Amdahls Law is one reason.
In context it means roughly that there is a hard limit to what can be parallelized. Type checking is a good example of the dependent nature of some computations: if you want to check that an argument to a fn is well-typed, you need the definition of the type of that argument first. That is, it involves serial steps that simply cannot be parallelized at all.

Another is the fact that rustc is probably the Rust project with the most legacy code. I mean that both in the sense that such code should be replaced, and in the sense that it's old and thus probably still uses idioms from pre-1.0 here and there.
This slows down adoption of parallellization because the code simply wasn't written with massive parallellization in mind. That tracks, because most of that code is already highly complex in its singlethreaded form.

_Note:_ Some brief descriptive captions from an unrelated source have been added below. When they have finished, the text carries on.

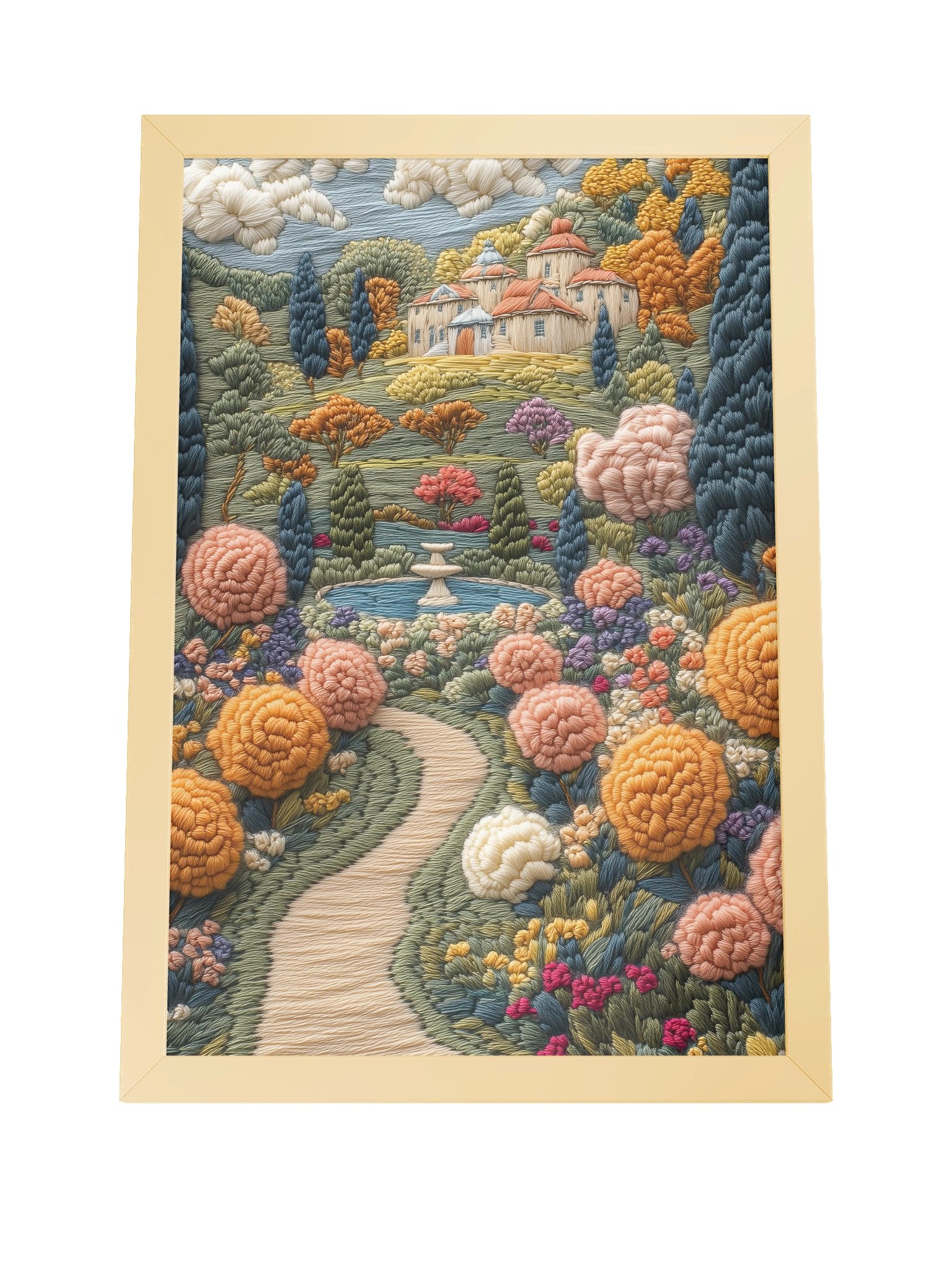 A Slow Day in the French Countryside | Embroidery-Style Wall Art — Framed Print product image (12)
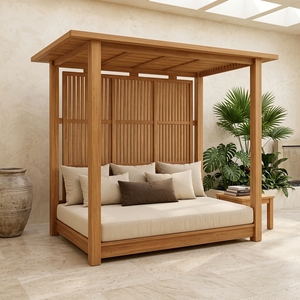 Lit de repos d'extérieur moderne en teck massif avec coussins résistants aux intempéries pour patio de resort et gazebo, modèle pré-assemblé KAR04, mobilier en gros - Product Image 2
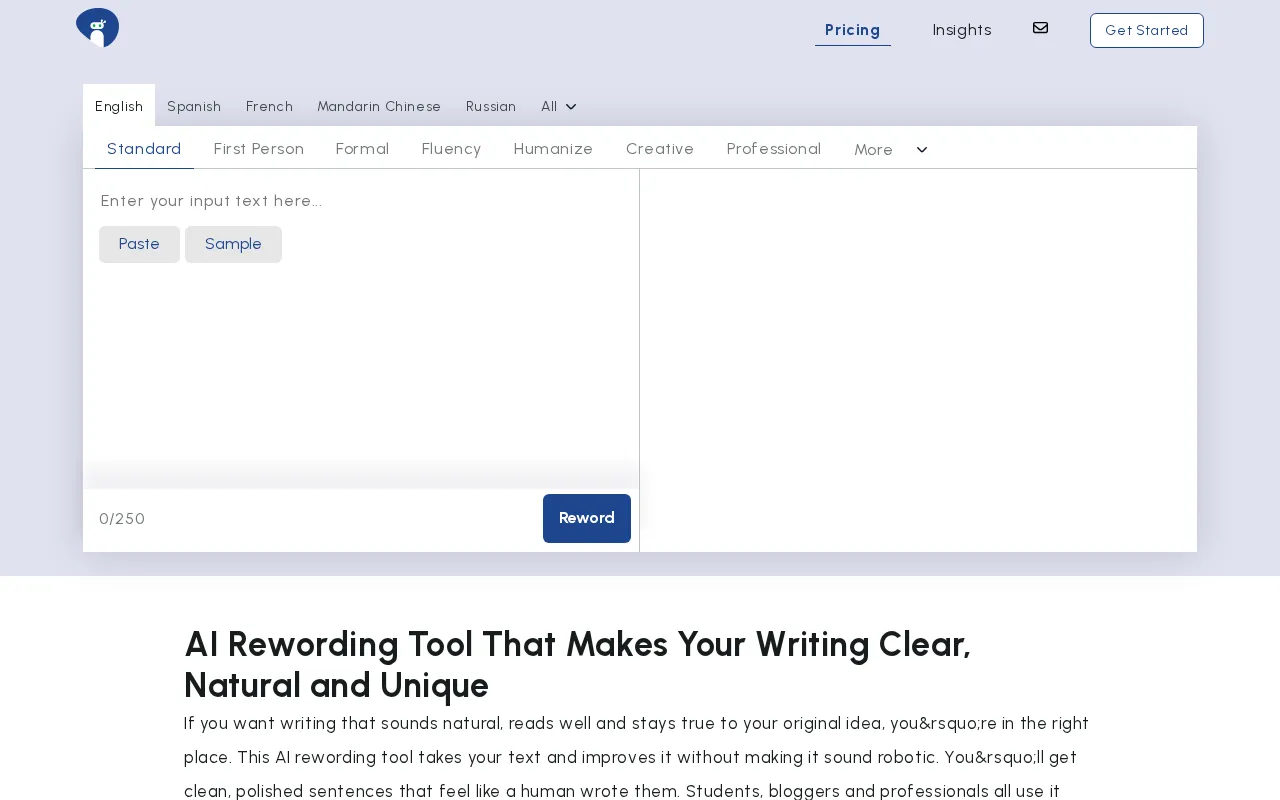 Rewording Tool — preview screenshot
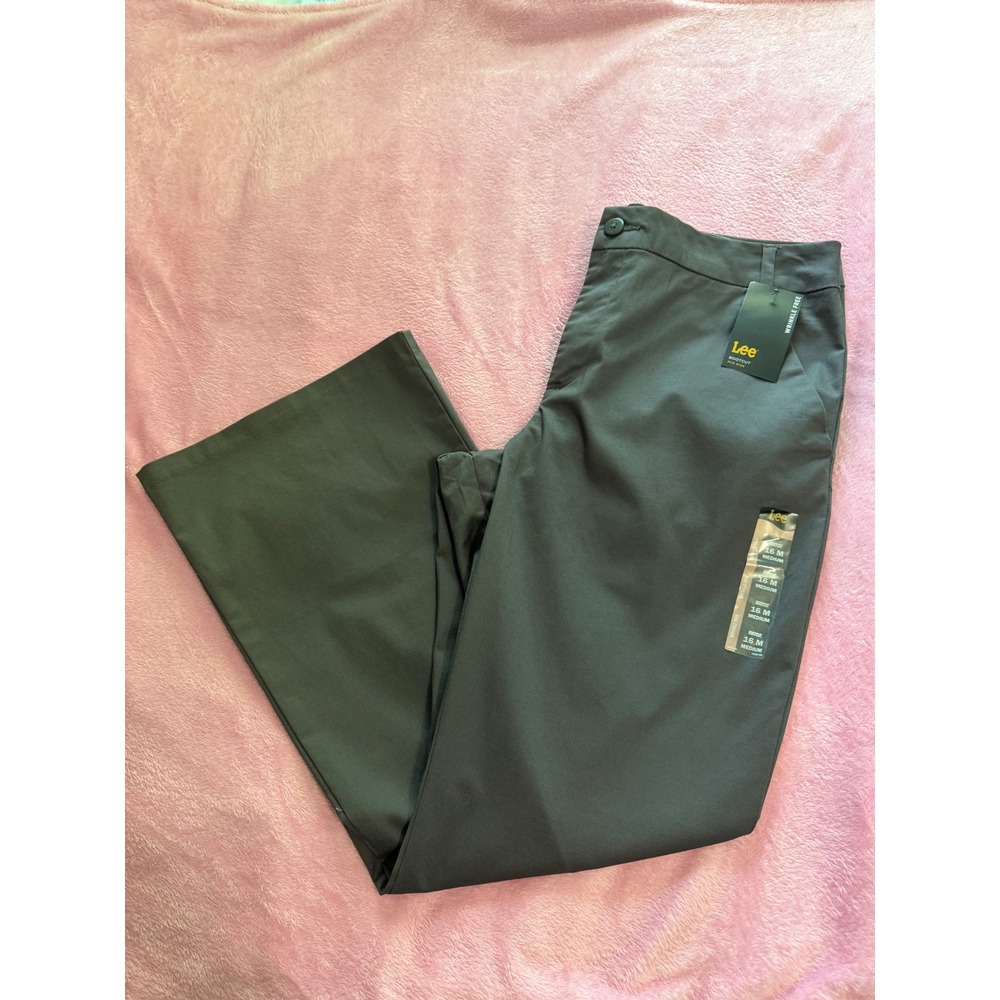 Lee Womens Bootcut Chino Pants Static Gray Wrinkle Free Mid Rise 16M 112354598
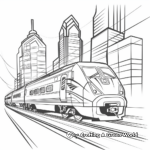 Amtrak in the City: Urban Scene Coloring Pages 4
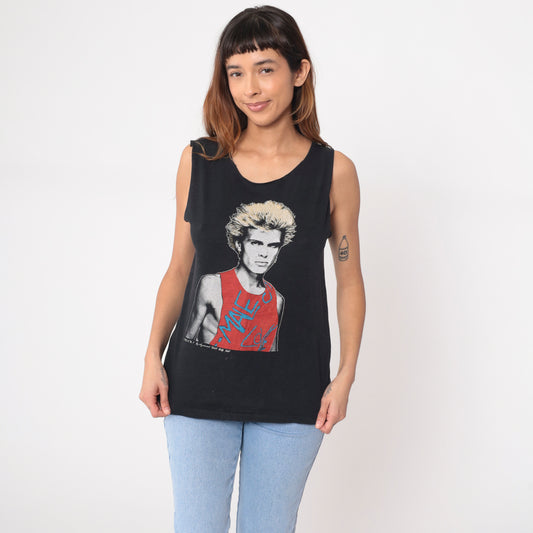 80s Billy Idol Tank Black Cotton Vintage Band Tee Concert Merch Cut Off Sleeves Rock Music Muscle Shirt Sleeveless New Wave Artist Medium M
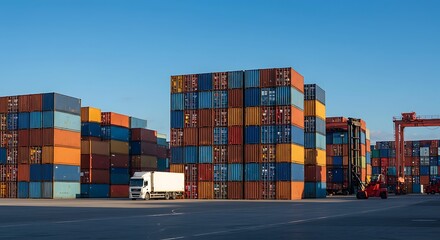 Colorful Shipping Containers Stacked High with a White Truck and Forklift in a Port
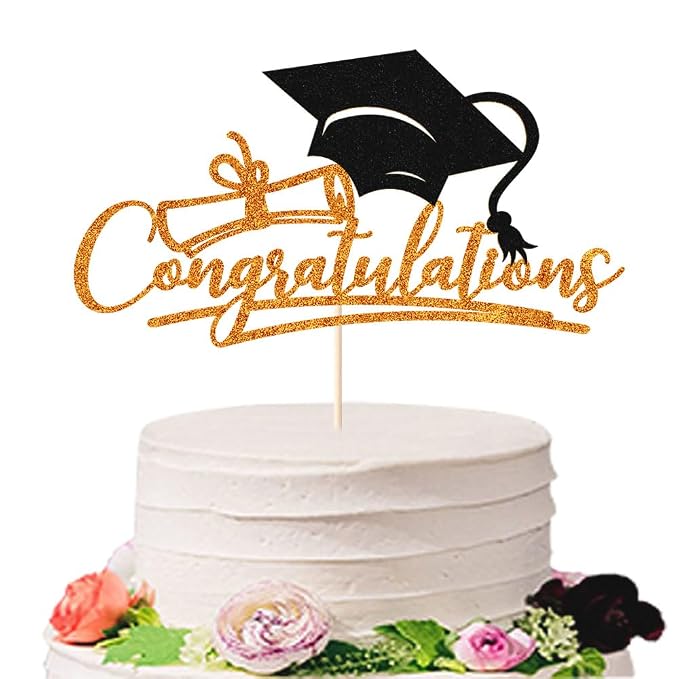 Congratulations 2026 Graduation Cake Topper,Congrats Grad Cake Decor - 2026 High School/College/Senior Graduation Party Decorations Supplies (Orange and black)
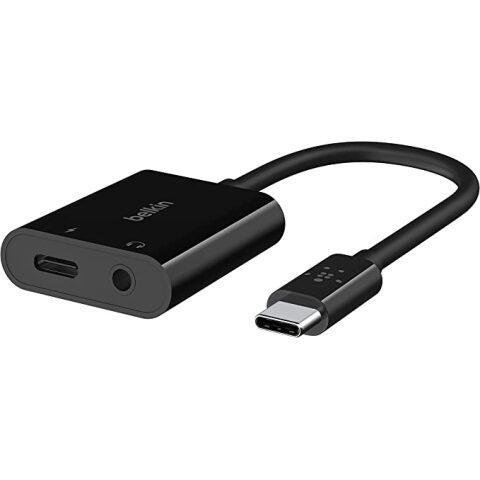 Belkin RockStar™ 3.5mm Audio + USB-C™ Charge Adapter, supports fast charging up to 60W – PD, Quick Charge NPA004btBK بلكين روك ستار محول يو اس بي سي صوت و يو اس بي سي شحن يدعم الشحن السريع حنى 60 واط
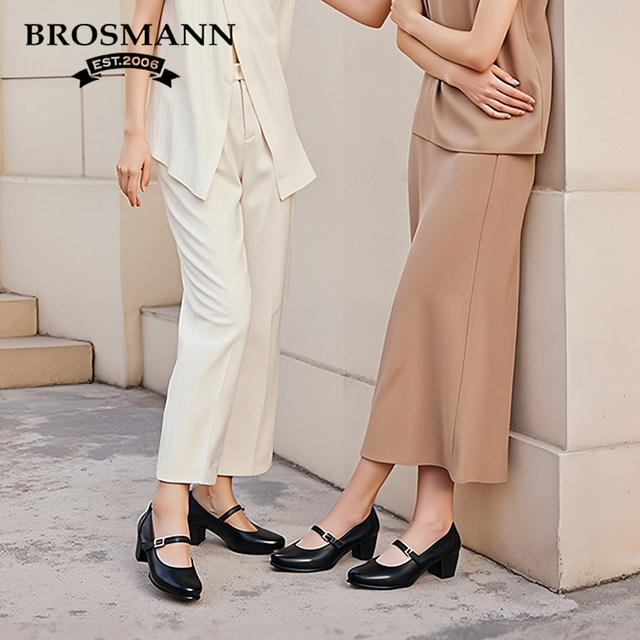 Baoshuman genuine leather Mary Jane shoes for women new thick high heels cowhide soft sole commuting retro leather shoes shallow mouth single shoes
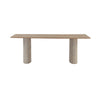 Side profile view emphasizing the slim tabletop design and the substantial cylindrical ribbed pedestal supports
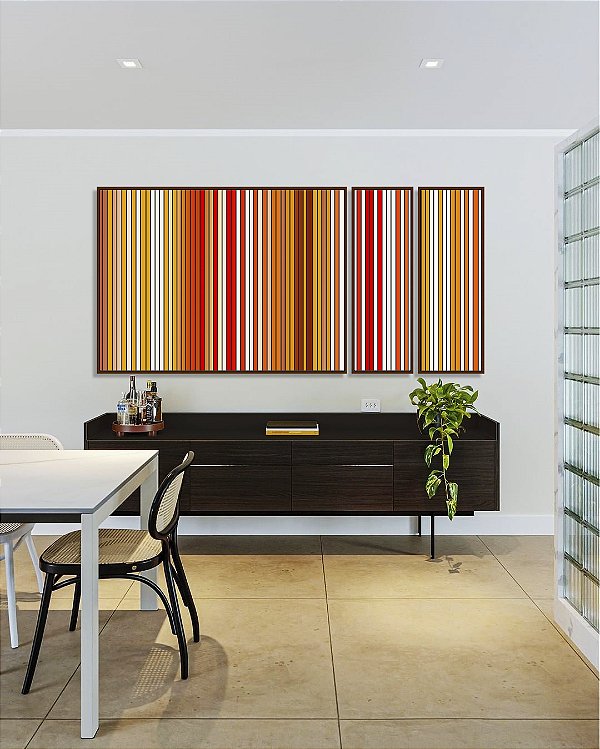 Trio de Quadros Estilizados Abstrato Laranja Amarelo Branco Degradê Listras Arte em Canvas com Moldura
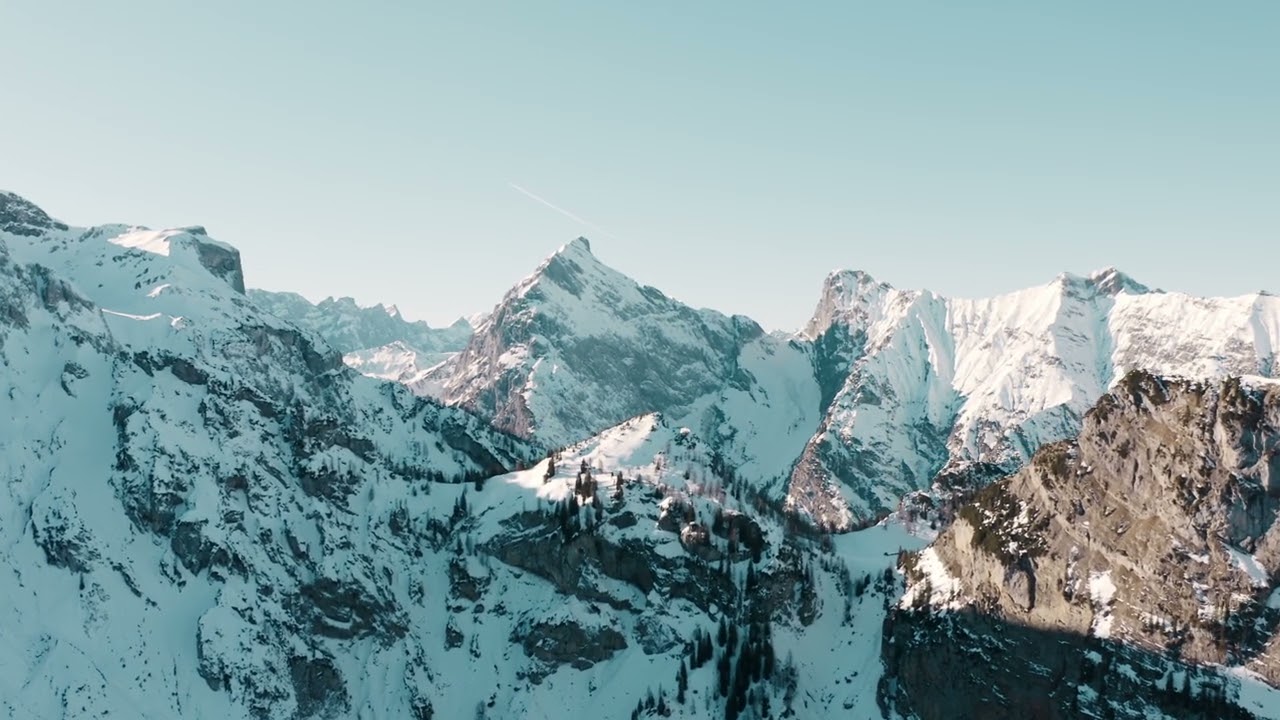 Beautiful Snow Mountains Drone Footage with relaxing music 4K Video.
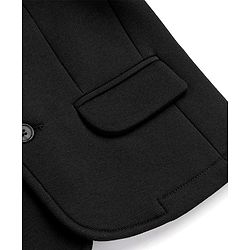 Pine Kids Knit Full Sleeves Solid Blazer - Black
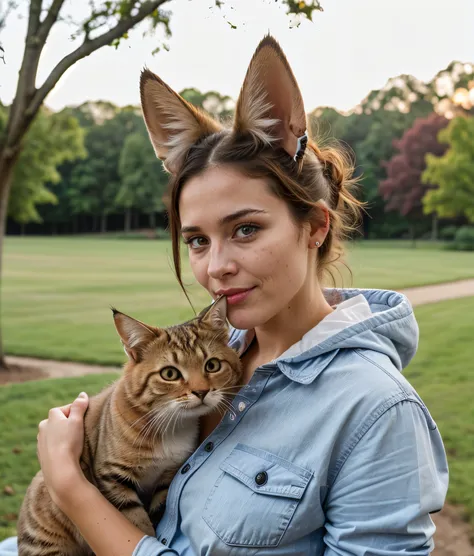 vibrant colors sunflare photo of huge massive fox ears, cat ears, sexy Rapacious Red Riding Hood, BREAK Pearlescent Chambray shirt, Holding a small pet, A small pet, like a bunny or kitten, can add a lot of cuteness to a portrait, busty,  8k, epic realistic, ultra detail <lora:DETAIL_SLIDER_BY_STABLE_YOGI:0.5>, Classic chignon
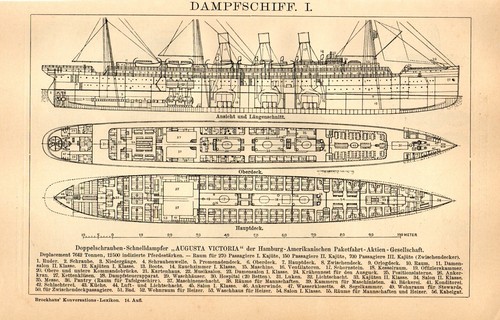 Stampa antica 1903 nave vapore - stampa,
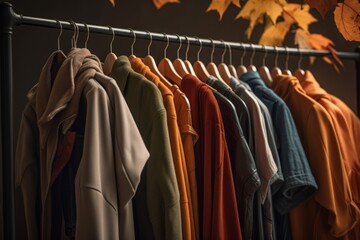 Obraz premium Clothes hanging in row. Many clothes for autumn or fall season. 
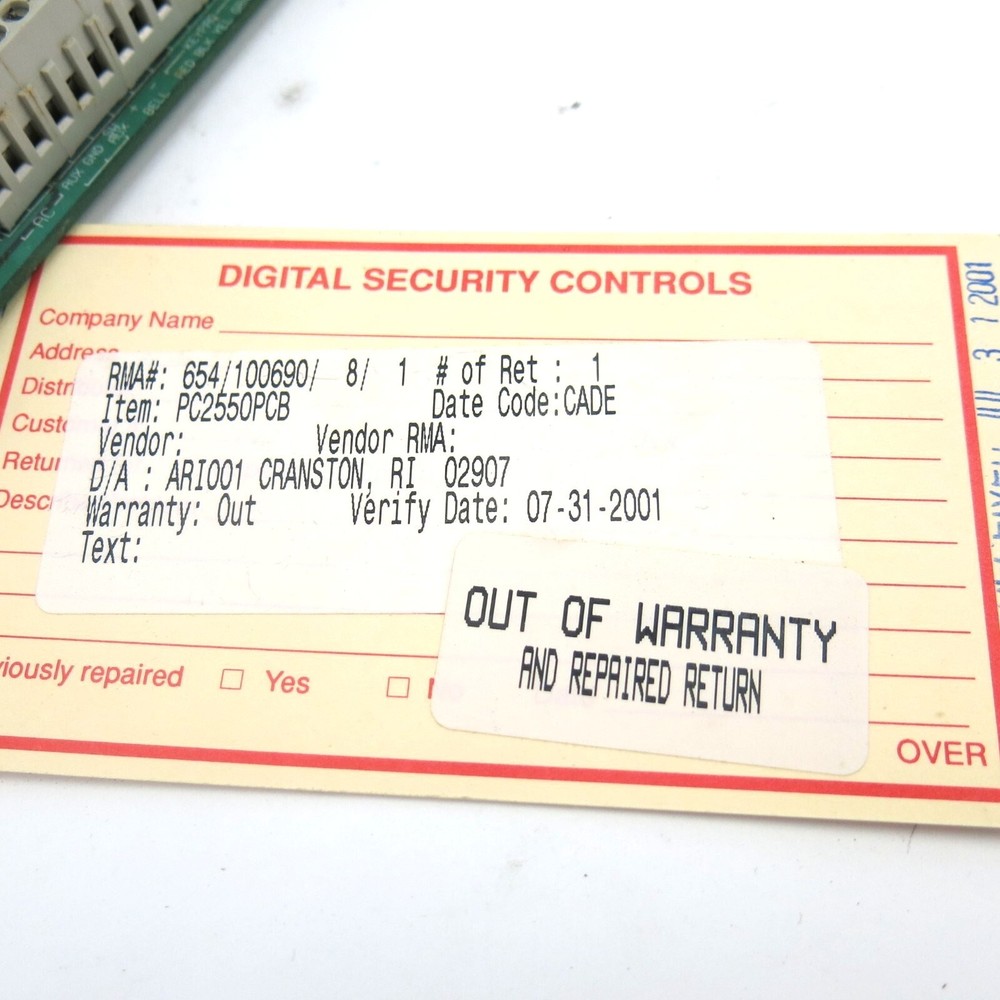 DCS Digital Security System PC2550 Alarm System Board Only Untested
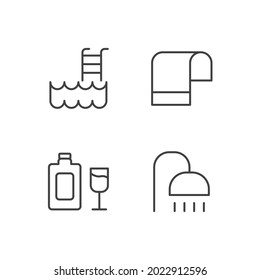 hotel set icon, isolated hotel set sign icon, vector illustration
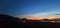 Mountain landscape near the city at night time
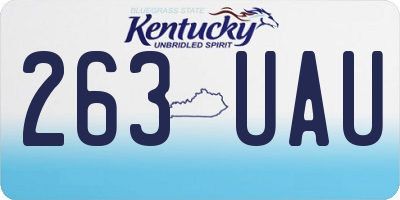 KY license plate 263UAU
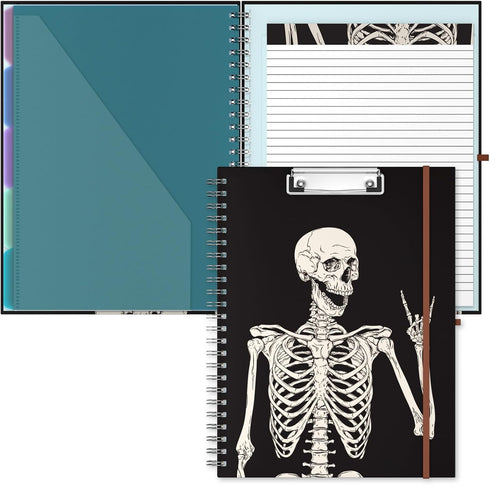 Hongri Clipboard Folio with Refillable Notepad, 5 A4 Folders Storage, Spiral Clip Board Portfolio, 12.8" x 9.7"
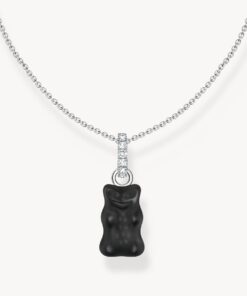 Halsband med svart Goldbears-hänge och stenar, silver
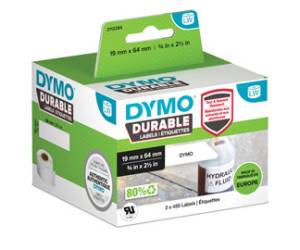Rotolo 450 etichette LW Durable 1933085,19 x 64 mm PP bianco confezione 2 rotoli - 19021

Note that fearless concurrency doesn't mean easy or brainless concurrency. It still requires effort to actually include it in your code, if only by making sure your code can actually make use of it and prepare it for that, e.g. by using iterators so that the code can switch to parallel iterators.


There's no "WTH" there. It's a simple fact of life that not every computation is parallelizable.

Others have already explained this issue in more detail above; the essence of the problem is that compilation of crates that depend on each other can't be parallelized, pretty much by the definition of dependence. If you have 8 crates, each of which uses another other one in a chain, then you won't be able to compile them in parallel even if you have 8 cores.

And before you ask: yes, parsing could probably be done in parallel, because the syntax tree is independent of crates (but even that is only true if they don't use macros from other crates). However, with further steps, basically all bets are off. You have to wait for at least semantic analysis of the dependencies in order to perform the semantic analysis of the dependent crates, and since codegen also depends on semantic analysis, that has to wait too, albeit it could be pipelined at least (after semanal of dependency, codegen dependency in parallel with semanal of dependent). However, this doesn't help, because: 1. parsing completes in a fraction of the time compared to semantic analysis, codegen, and linking, and 2. linking doesn't parallelize for the most part, either.

So what can reasonably be done is to compute a dependency DAG at the crate level, and then compile only the crates in parallel that don't depend on each other. And this in fact is already implemented, so the Rust build infrastructure doesn't miss any obvious parallelization opportunities by reasonable standards.


Linking can actually be parallelized pretty well. Parallel linkers like LLD and more recently Mold have managed to see some pretty impressive performance gains by parallelizing what they can. Mold even manages to get close to full saturation most of the time. It does usually require a bit of configuration to get rustc to use one of them as opposed to the system's linker, though.


I do agree adding more crates has been a pain, not so much the "cargo new --lib", but then adding the path to the workspace and adding the path of dep crates.

I do agree that "tiny crates" is not enough, and what we need is "tiny crates + shallow tree".

In my problem, "long dependency chains" is a solvable problem because:

  1. I do not modify external dependencies, so their contribution to incremental compile time is 0.

  2. For code in my own workspace, I can generally re arrange things to minimize dependency chains.